At Dupont, the line's south end on the Susquehanna Branch, descending traffic can switch northeast to the Taylor Yard in Taylor, Pennsylvania (NS), or cross west beyond I-81 and US 11 to traverse the descent from Dupont, Avoca, Pennsylvania below the Airport and I-81 and alongside the steep descent along Railroad Street in Duryea, Pennsylvania through the Duryea Yard near Pittston, Pennsylvania along, then up river on the former Lehigh Valley Railroad/Lehigh Line trackage to Mehoopany about half-way to Sayre, Pennsylvania.
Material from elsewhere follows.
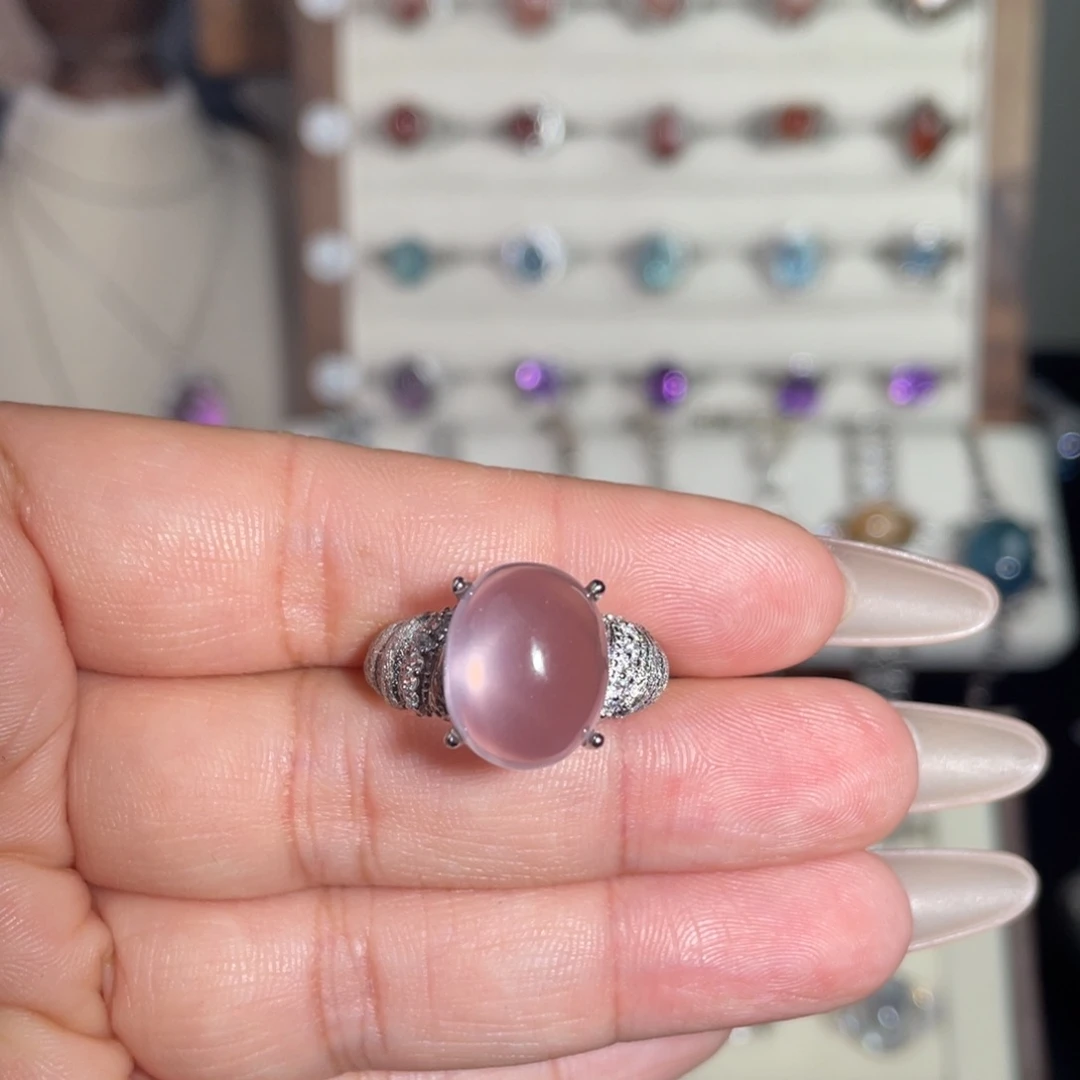 烧***子手链银S925镶嵌水晶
At Mehoopany, the line's northern end, the Susquehanna Branch, interchanges with the Norfolk Southern Railway Lehigh Secondary, its beginning, which runs from Mehoopany to Sayre and it is also former Lehigh Valley Railroad trackage/former Lehigh Line original trackage. The Lehigh Secondary is leased to the Lehigh Railway and it connects to the Norfolk Southern Railway Southern Tier Line at the Sayre Yard in Sayre. The Southern Tier Line helps bring trains to freight stops in the New York state and to the Great Lakes.